The perform_join function uses an inner join unless the user specifies the join type.
Arguments
- erd_object
An object of class "ERD", which encapsulates the data frames and the relationships between them. This object is generated using the
create_erd
function.- tables_to_join
A character vector listing the names of tables to join. The first table in this list serves as the main table to which subsequent tables are joined. The tables are joined in the order specified and utilize the relationships defined with the first table.
- specified_joins
An optional named list where each element's name corresponds to a table in
tables_to_join
and the value specifies the type of join to perform with that table. The default value isNULL
, which activates automated mode (which uses inner joins).
Value
A data frame resulting from the join operations conducted between the specified tables, consistent with the relationships indicated in the ERD object. Additionally, the types of joins used are printed to the console.
Details
This orchestrates the joining of multiple tables based on a specified
Entity-Relationship Diagram (ERD) object. This function extracts the
relationships and join criteria defined within the ERD object and executes
the appropriate join operations using R's dplyr
package.
The function can operate in two modes: automated and user-specified joins. In automated mode, join types are determined by the relationship symbols in the ERD object. In user-specified mode, the types of joins are explicitly provided by the user.
Implementation Details:
- Join Variables: For each pair of tables to be joined, the function extracts the relevant join variables from the ERD object.
- Join Type: Depending on the relationship symbol associated with each pair
of tables, the function decides whether to perform an inner join or a left
join.
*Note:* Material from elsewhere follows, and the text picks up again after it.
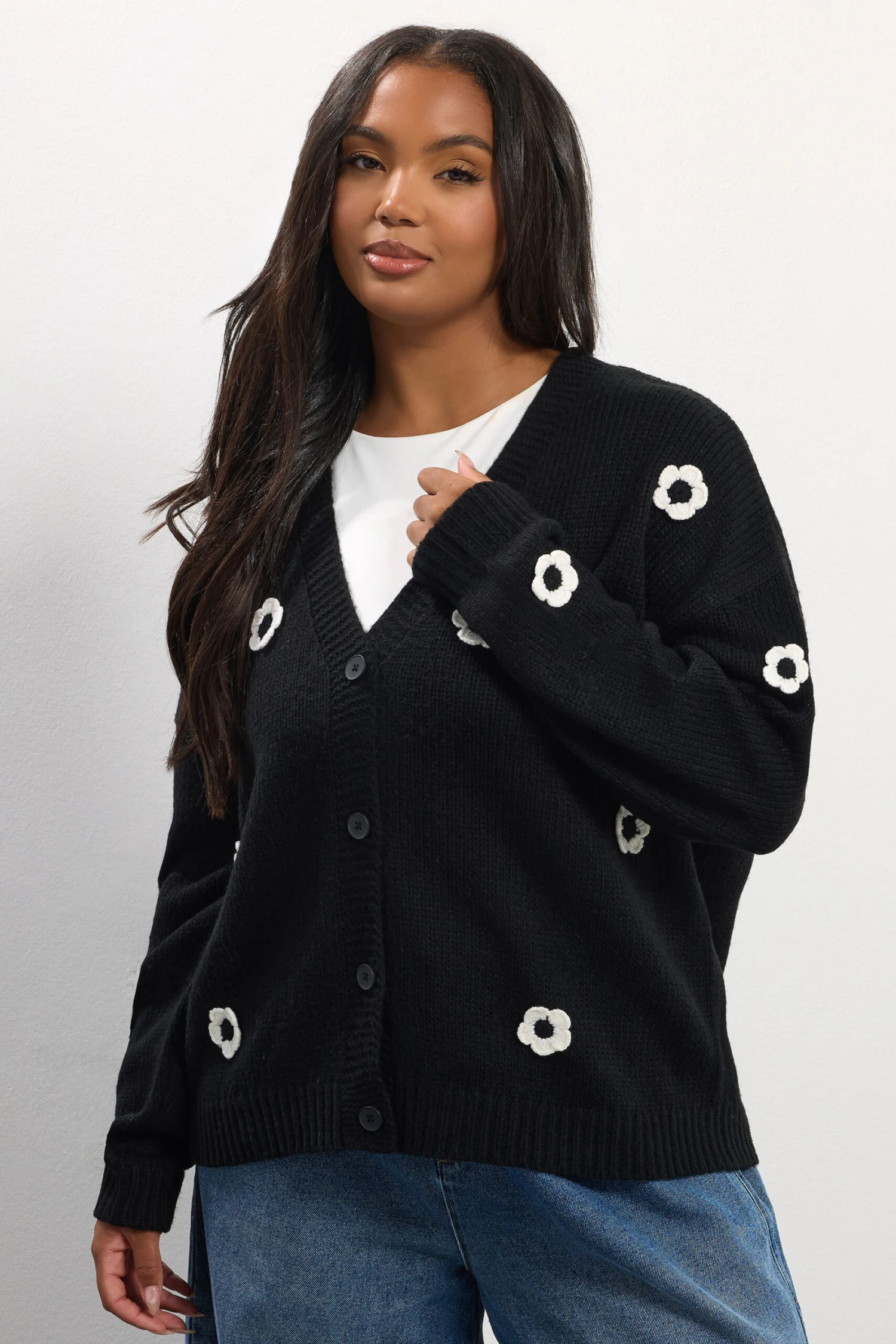 YOURS Curve Cardigan Noir à Fleurs Appliquées 3 YOURS Curve Cardigan Noir à Fleurs Appliquées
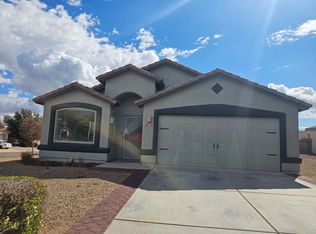 2311 Skyview Dr, Sierra Vista, AZ 85635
This decision is implemented by dynamically invoking the corresponding
dplyr function (inner_join
or
left_join
).
- Aggregation: The function uses do.call
to dynamically execute
the appropriate join operation, accumulating the result in the
main_table
variable, which is ultimately returned.
Notes:
- The function iteratively applies the join operations, using the first
table in tables_to_join
as the main table.
- The join operations are performed in the order specified in
tables_to_join
.
- When specified_joins
is NULL
, the function operates in
automated mode, determining the type of join based on relationship symbols.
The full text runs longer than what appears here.